There have been two revolutions in television during my lifetime. The first happened in 1975 when Sony launched its Betamax video system — which allowed viewers to record shows and see them when they wanted. Of course, Betamax was found to be clunky and unreliable and it was soon replaced by VHS but, without realising it, the networks had lost control of their audience. No longer would we watch the films they wanted us to watch when they wanted us to watch them. Never again, as the technology spread, would the whole nation come together as one to find out what the newscasters had been up to on Morecambe and Wise.
The second revolution has been even more profound — and it’s happening right now. It can be defined in one word: Netflix. Founded in 1997, Netflix is the world’s number one television and film subscription service, even if there are other companies — Hulu, Vimeo, Amazon — snapping at its heels. It has 75 million users worldwide and an annual revenue of between $7 billion and $8 billion. Think of the most talked-about programmes of the past year: Narcos, House of Cards, Stranger Things and, most recently, The Crown. All of them premiered on Netflix. As a result of a Netflix documentary, Making a Murderer, half a million people signed a petition to free its main subject, Steven Avery.

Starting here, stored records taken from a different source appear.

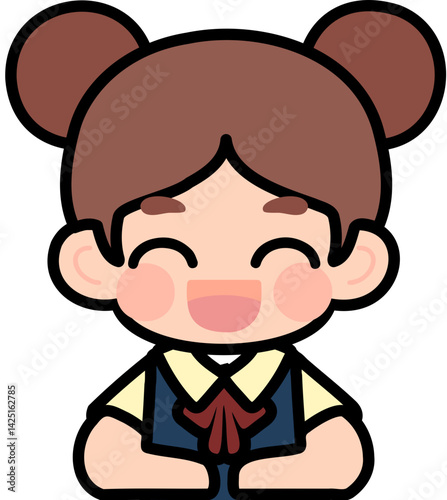 Flat Design Child Faces for Educational Materials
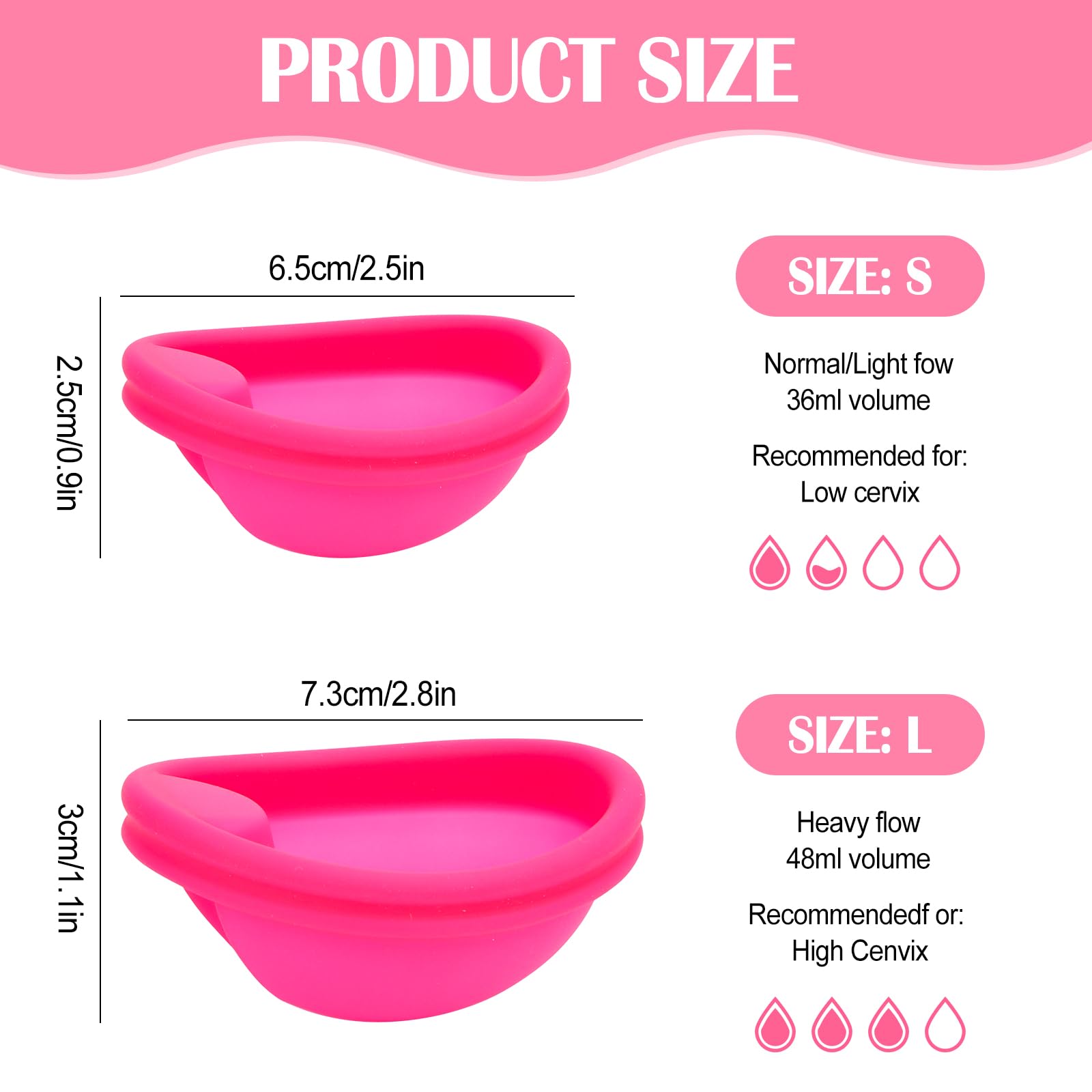 Zestaw krążków menstruacyjnych, dysk menstruacyjny z 2 krążkami okresowymi w rozmiarze S+L i kieszeniami do przechowywania, zrównoważone krążki menstruacyjne jako alternatywa dla tamponów i kubka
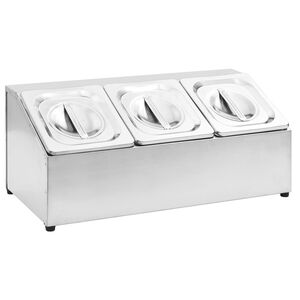 vidaXL gastronorm beholder med 3 GN 1/6-beholdere rustfrit st&aring;l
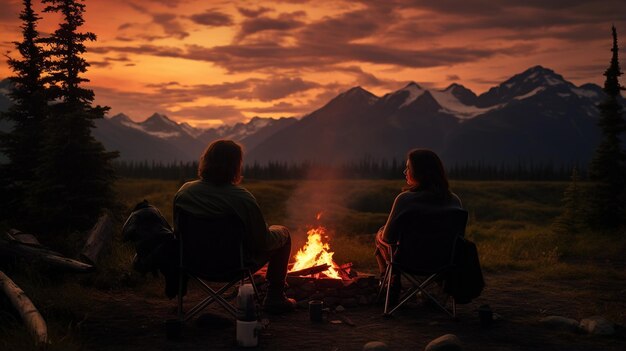 Ein Paar bei einem Feuer im Teklanika Campingplatz Denali Nationalpark AI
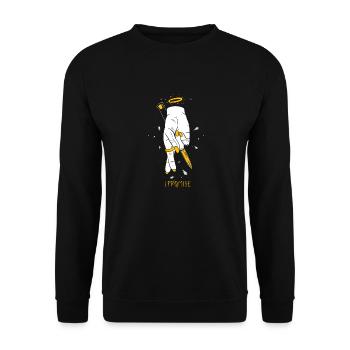 I promise Aesthetic - Unisex Pullover - Schwarz - Vorne - Alina (178cm) & Michal (187cm)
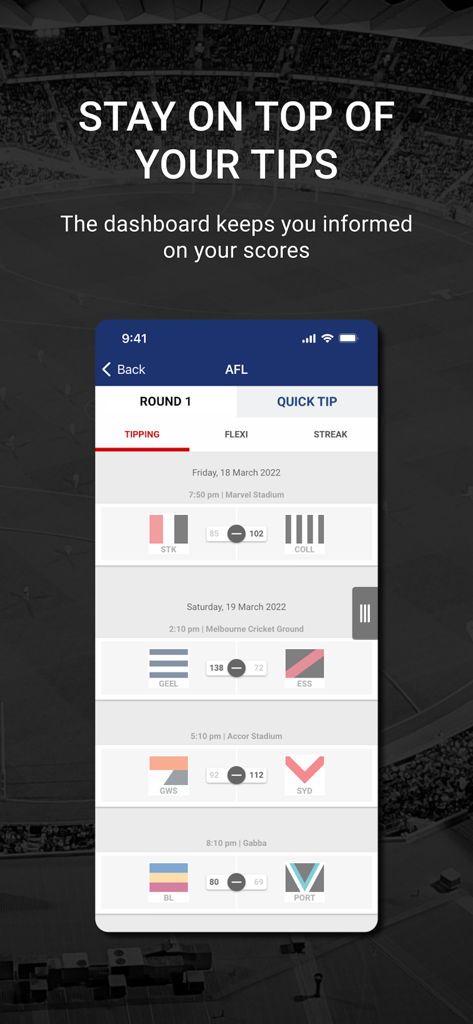 footytips - Footy Tipping App - La interfaz de la aplicación footytips muestra los resultados de los partidos de la AFL y los resultados de los pronósticos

Watching The Crown is instructive. It is, as every critic has agreed, glorious, unlike any television we have seen before. Brilliantly written by Peter Morgan and shot by Stephen Daldry channelling his inner David Lean, the first season is more like a ten-hour feature film than a TV series. And that’s the point. As latex-clad superheroes jump from one exploding city to the next, cinema has become a largely empty, dispiriting experience.